GIVEN DATA -
● ● ● ● ● ● ●

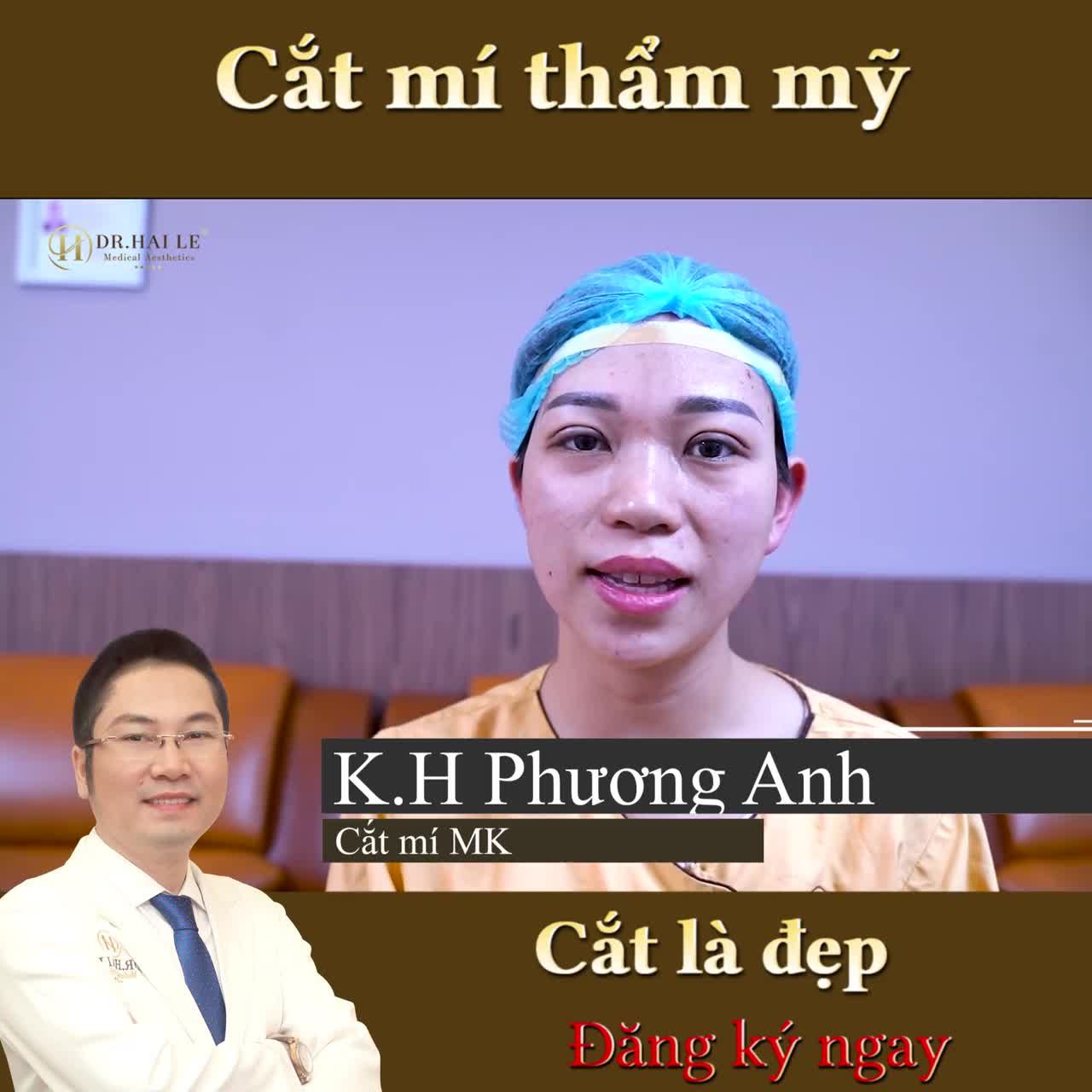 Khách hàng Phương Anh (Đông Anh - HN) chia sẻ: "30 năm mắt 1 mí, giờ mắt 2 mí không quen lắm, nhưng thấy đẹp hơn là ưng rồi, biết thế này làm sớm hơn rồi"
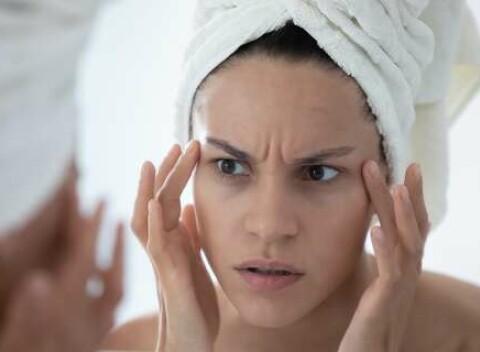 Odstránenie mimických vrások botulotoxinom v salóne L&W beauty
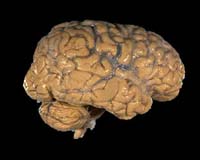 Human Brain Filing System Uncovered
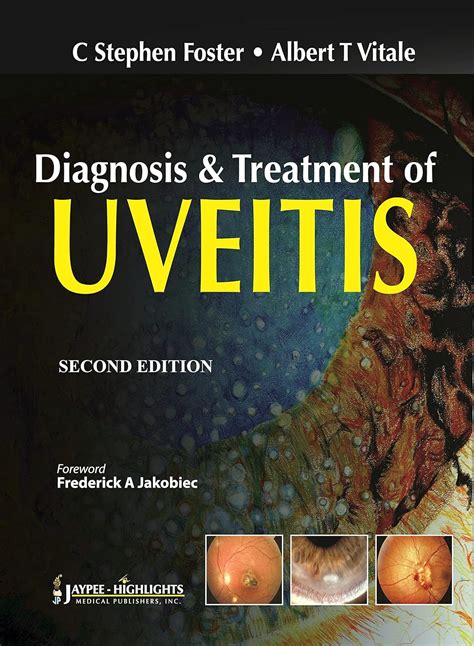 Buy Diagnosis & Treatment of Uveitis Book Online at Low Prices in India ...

● ● ● ● ● ● ●

TASK TO COMPLETE - Find the line containing "Human Brain Filing System Uncovered" and copy it and each line after it through the end of the material, exactly, with no pictures.

YOUR RESPONSE -
 Human Brain Filing System Uncovered
 Buy Diagnosis & Treatment of Uveitis Book Online at Low Prices in India ...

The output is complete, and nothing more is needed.